(Problem statement)
Transcribe each line below verbatim; pictures excluded.

(Dataset section)
* * *

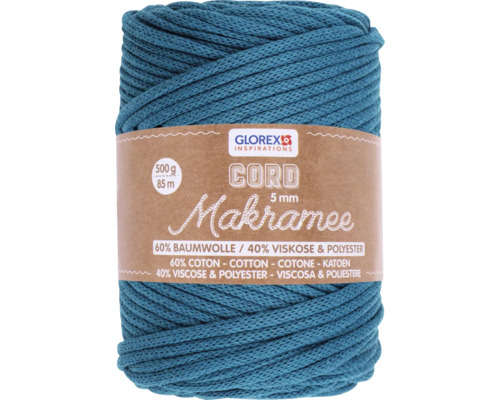 Corde pour macramé 5 mm 500 g 85 m tissée turquoise Pelote de fil macramé, 5 mm d''épaisseur, 60 % coton, 40 % viscose et polyester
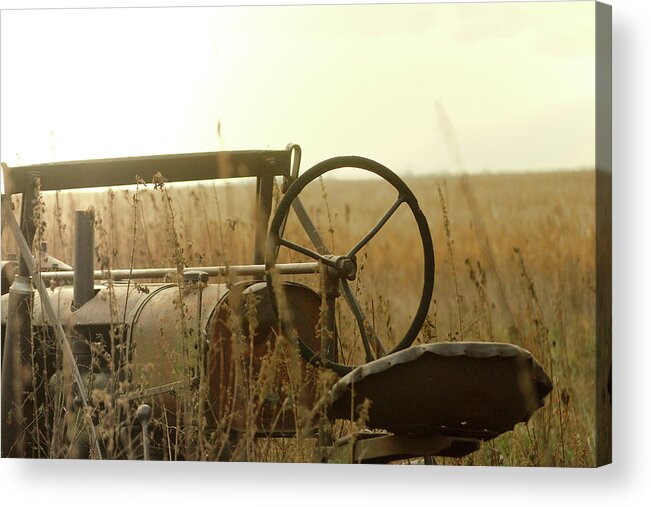Tractor Acrylic Print featuring the photograph Tractor Sunrise by Troy Stapek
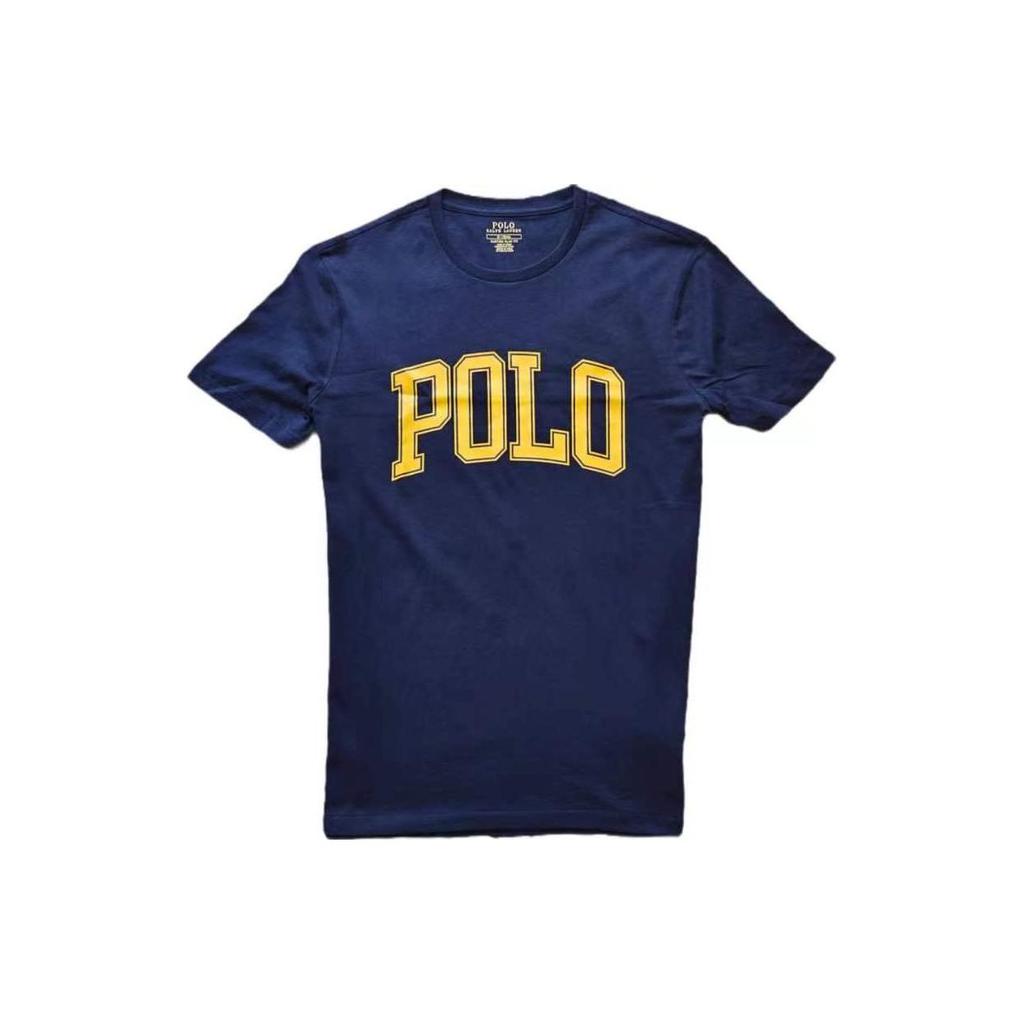 Polo Ralph Lauren Logo Print Crew Neck Short Sleeve Regular T-Shirt Men Tops Navy-Blue 710858957-002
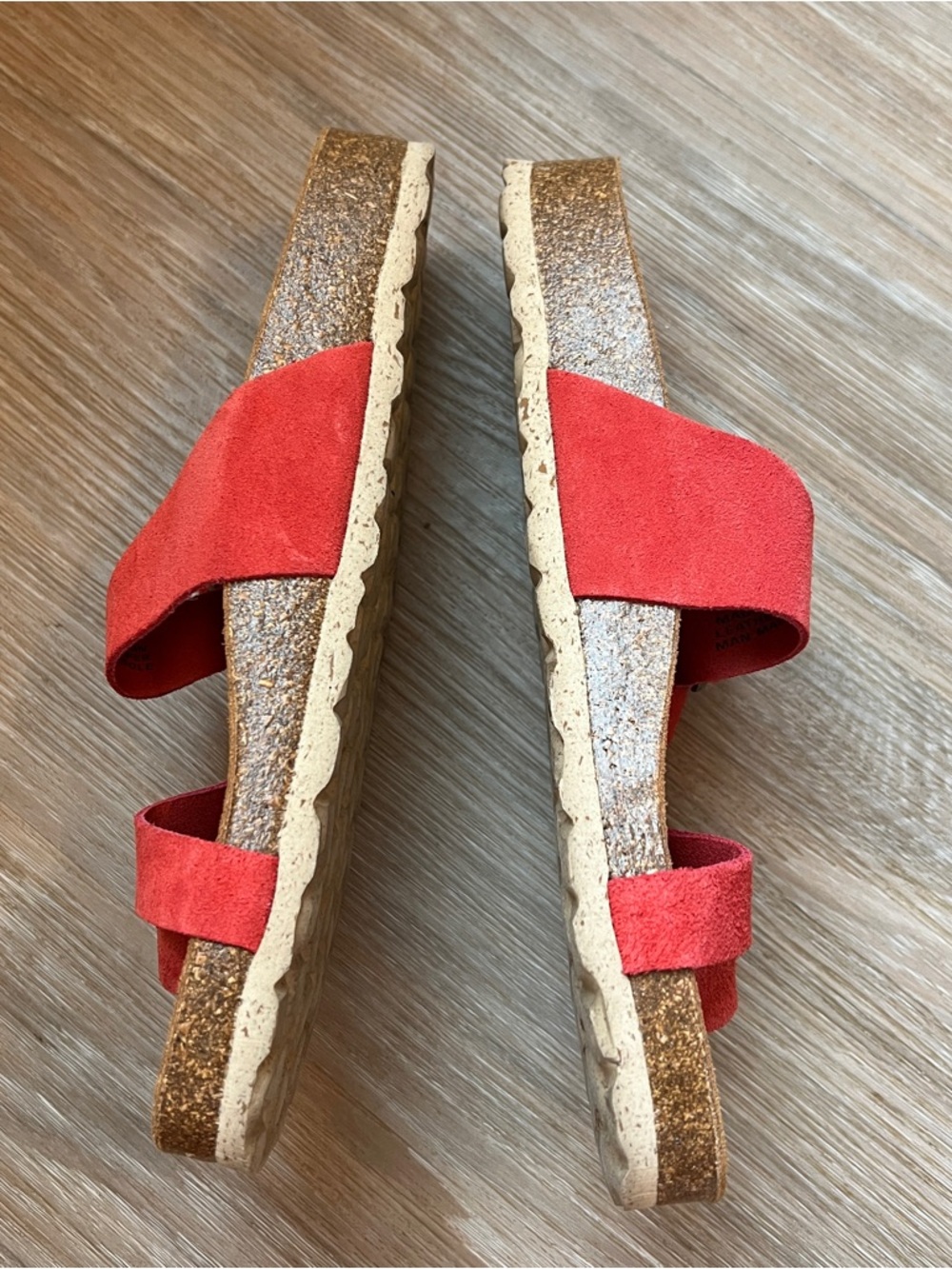 Biostep Red Suede Buckle Sandals Size 7.5 Comfort Cork Footbed leather - Picture 6 of 6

* * *

(Output)
 Corde pour macramé 5 mm 500 g 85 m tissée turquoise Pelote de fil macramé, 5 mm d''épaisseur, 60 % coton, 40 % viscose et polyester
Tractor Acrylic Print featuring the photograph Tractor Sunrise by Troy Stapek
 Polo Ralph Lauren Logo Print Crew Neck Short Sleeve Regular T-Shirt Men Tops Navy-Blue 710858957-002
 Biostep Red Suede Buckle Sandals Size 7.5 Comfort Cork Footbed leather - Picture 6 of 6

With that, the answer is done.